# Ithaca 1911 45 What in the world?



## travbrown97

My Ithaca Model 1911 confuses me. I have gone to many websites trying to figure out when it was made and what all the markings on it mean, but im stumped, can anyone help me out?























































Thanks, any replys will be helpful.


----------



## curty

I see in the classifieds you have it for sale. What is your asking price?


----------



## travbrown97

Yes i do, but I'm not sure what its worth, so thats why i have it in here so that someone can tell me about it. Like how old it is and if it might be unique. Just waiting for someone to tell me.

Thanks


----------



## Horsager

Most likely built during WWII (everyone with machining capabilities built 1911's back then). Obviously not orginal grips, sights look to have been replaced, looks to have been re-blued (although tough to tell with pics). It's value is as a shooter or wall hanger for someone who likes WWII relics. Blue Book of Gun Values can give you an accurate valuation. Look under Springfield 1911 and there is a section for all the wartime guns that were made by other manufacturers. Based on the pics I'd say the gun is 60% or so, that's assuming it's been re-blued. Gun in hand may yeild different results. I don't have a blue book and never was much of a pistol guy, someone else may give you an acutal $ figure, I'm just telling you someplace you can look yourself.


----------



## HARRY2

I cant tell, you nee to take those grips off and see if it is stamped ARMY underneath.


----------



## Gohon

Ithaca (M1911-A1): 
Ithaca started production in December of 1942 and was the only established firearms company to produce 1911A1s other than Colt. The total number of pistols produced by Ithaca was 335,466. In early 1942 & 1943 Ithaca did not have all the equipment necessary to manufacture the components so they received parts from other contractors that included 6,200 WWI receivers that Springfield had in storage. These early Colt receivers (frames) can be quickly identified by the cut-outs under the stocks. Colt also supplied many of the small parts. Harry Howland of Ithaca designed a stamped trigger assembly that was approved by the Ordnance Department. This stamped trigger was fabricated by the Yawman Metal Products Co. of Rochester N.Y. and became known as the Yawman Trigger. The new trigger was adopted by all other pistol manufacturers by early 1943, except Colts who changed in April of 1944. Changing to the stamped trigger alone reduced the cost of the 1911A1 by about 5%. Later in the war Ithaca also designed a serrated Grooved hammer as a cost reduction but none of the other manufacturers adopted it. Ithaca pistols were probably the coarsest finished pistols of any 1911A1. This seems puzzling since they were previously a manufacturer of sporting shotguns and as such they must have appreciated the importance of cosmetic appearance.
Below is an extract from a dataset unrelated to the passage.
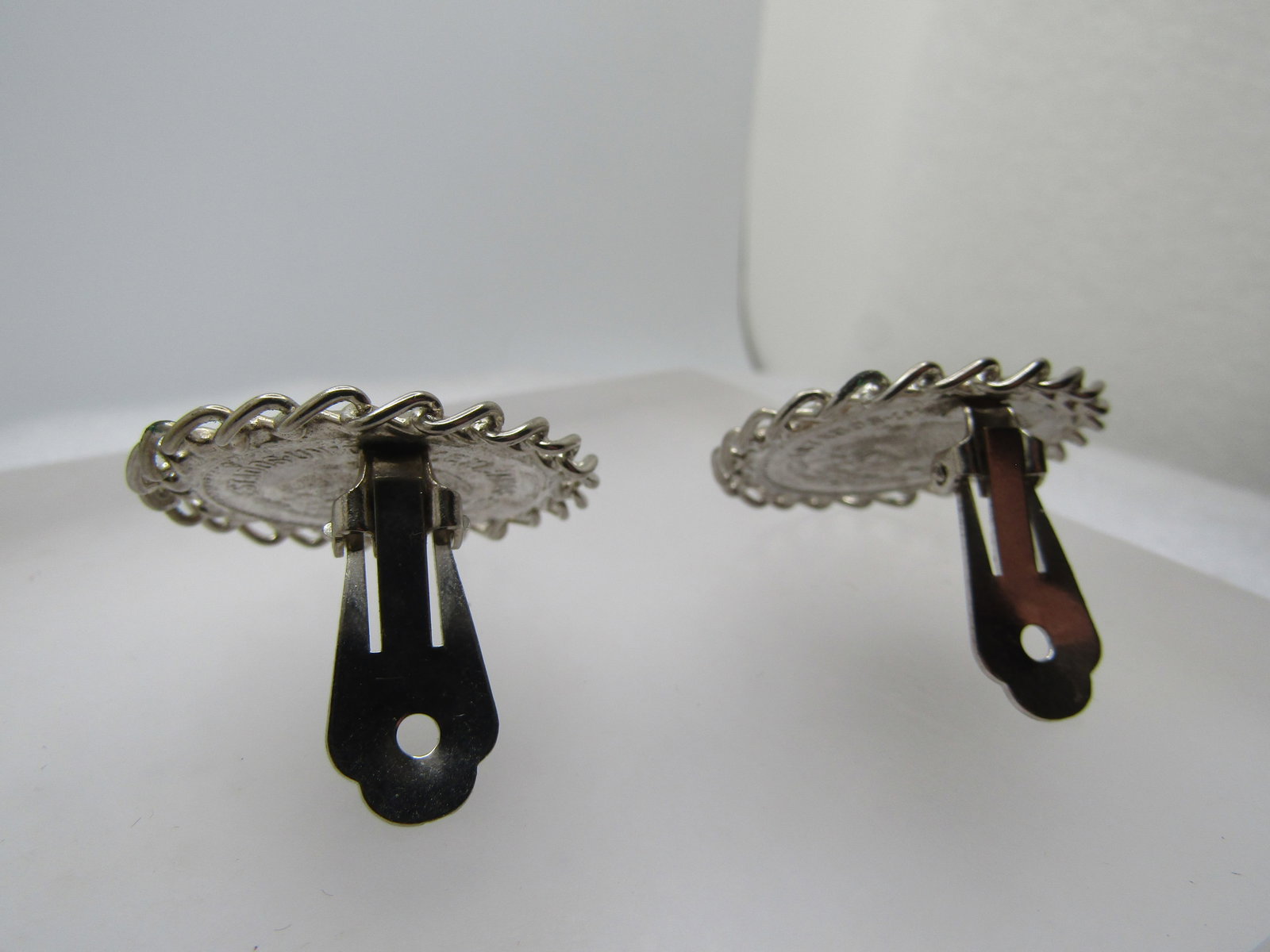 Vintage Mexican Cinco Centavos Coin Earrings, Clip, 1954 Coin Year - 4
http://www.coolgunsite.com/collectors_guide.htm


----------



## NDTerminator

Echo above. During WWII, 1911's were made by a number of manufacturers. Some are pretty odd.

When I was in the Army (1st MP Co, 1st Infantry Division) in the late 70's, I carried one of these WWII era 1911's which was made by "Remington Rand". These were joint products made by Remington and a typewriter company (Rand)!...
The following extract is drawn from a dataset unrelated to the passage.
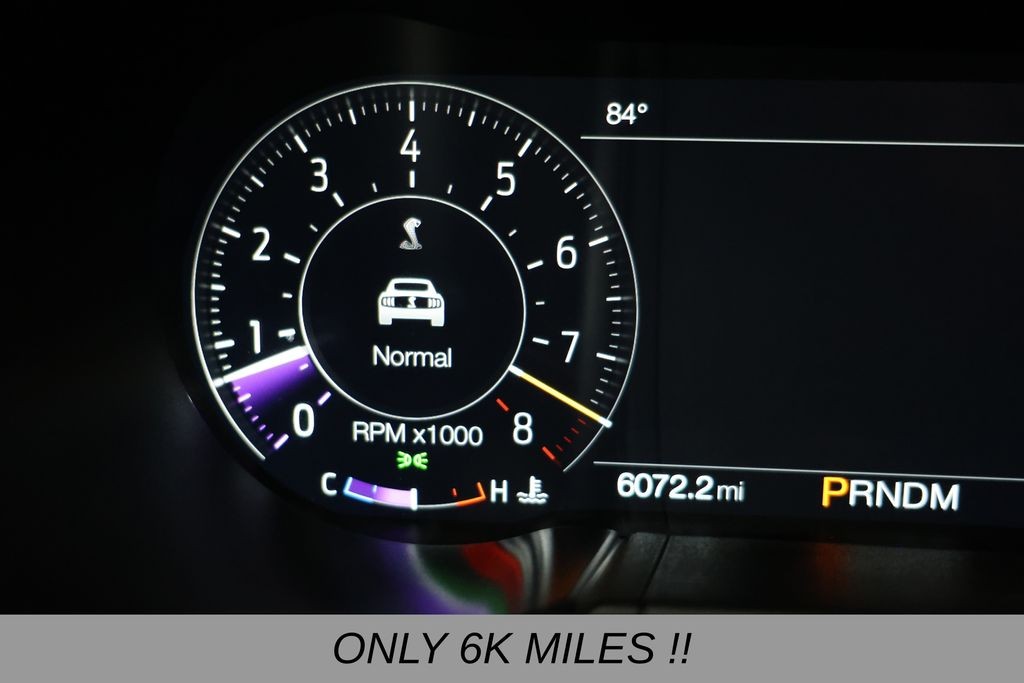 Ford Mustang Vehicle Full-screen Gallery Image 09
It was so shot loose that when you shook it, it sounded like a bag of nuts & bolts....

My Kimber Raptor II is light years beyond that old issue Rand, which was my first experience with the 1911 45 and began a lifelong love affair...


----------



## Tangohammerli

By the looks of your pics this opne has been polished and reblued. Even the older ones had sharper corners then this one. Too bad I clean original is getting harder to find and expensive. As listed above a shooter grade or wall hanger. The best value may be sentimental..


----------